Here is my answer to that poster:

Let me give you a specific example and see if that helps.

The house advantage (HA) on a place bet of the 6 or 8 is 1.52%. This means I can expect to lose 1.52% of All the money I wager when I place the 6 and/or 8 in a random game. If I just place the 6, I can expect to lose 1.52% of All the place bets I make on the 6. If I just place the 8, I can expect to lose 1.52% of All the place bets I make on the 8. If I place both the 6 and 8, I can expect to lose 1.52% of All the money I place on each of them.

That is the simple answer to your question. If you are curious and want to see how that works, I will now show how that calculation is made. If the math is confusing to you, then stop here and accept the above as being correct.

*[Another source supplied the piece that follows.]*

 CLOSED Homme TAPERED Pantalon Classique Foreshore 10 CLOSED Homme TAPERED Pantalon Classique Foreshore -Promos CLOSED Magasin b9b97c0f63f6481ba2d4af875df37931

In a random game, I know that in the long run the probabilities of dice will average out and I can expect to see 5 sixes, 5 eights and 6 sevens thrown out of every 36 rolls. Of course it will not happen like this exactly every session or over a short number of rolls necessarily. But it will average out to that over a significantly large number of rolls.

Let us say I place the 6 only for \$6. On average over 36 rolls, I can expect to win \$7 on that bet 5 times and lose \$6 on it 6 times. Thus I can expect to win \$35 and lose \$36 for a net loss of \$1. I will have made this bet 11 times @ \$6 each, having wagered a total of \$66 on my place bet of the 6. My net loss (\$1) divided by my total amount wagered (\$66) yields a HA of 1/66 = 1.52%

Another way of looking at it is, I make a \$6 place bet on the 6, 11 times, wagering a total of \$66 on this place bet. I can expect to lose 1.52% of the \$66 I wagered on the 6 which equals 1.52% X \$66 = .0152 X \$66 = \$1

Obviously the same thing is true if I were to place the 8 instead because they both have the same probability of winning or losing.

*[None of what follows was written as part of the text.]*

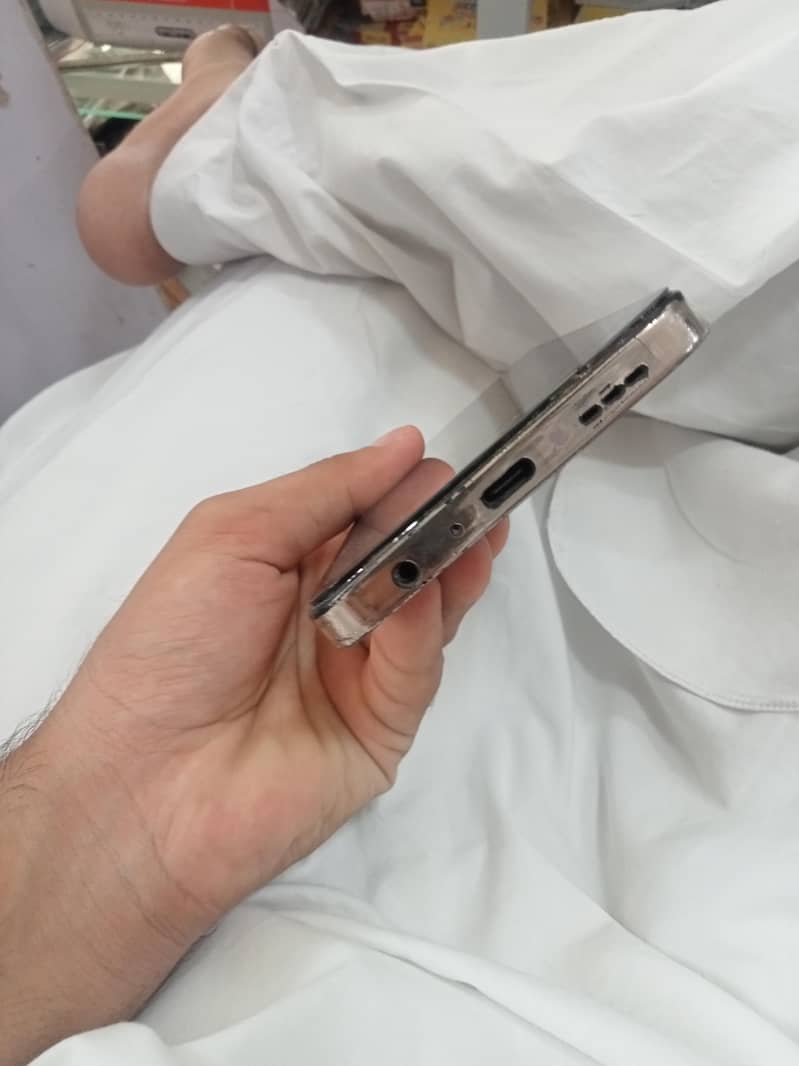 Infinix Zero 20 7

Now let's look at what happens if I place the 6 and 8 together for \$6 each. I can expect to win my wager on the 6, 5 times out of 36. I can expect to win my wager on the 8, 5 times out of 36. I can expect to lose both bets 6 times out of 36.

This means I can expect to win \$7 on the 6, 5 times for \$35; I can expect to win \$7 on the 8, 5 times for \$35; I can expect to lose \$12 on the 6 and 8, 6 times for \$72. I will end up with \$70 - \$72 for a net loss of \$2. I will have wagered \$6 on the 6, the 5 times I win the bet for \$30, \$6 on the 8, the 5 times I win that bet for \$30 and \$12 on the 6 and 8, the 6 times I lose both bets for \$72. I will have wagered a total of \$30 + \$30 + \$72 = \$132 on the 6 and 8. Dividing my net loss (-\$2) by the total amount wagered (\$132) yields the following formula for the calculation of the HA. 2/132 = .0152 = 1.52%

I can also look at it as follows. If I wager a total of \$132 by placing both the 6 and 8, I can expect to lose 1.52% of the total amount wagered. 1.52% X \$132 = .0152 X \$132 = \$2

Let me know if this answers your question.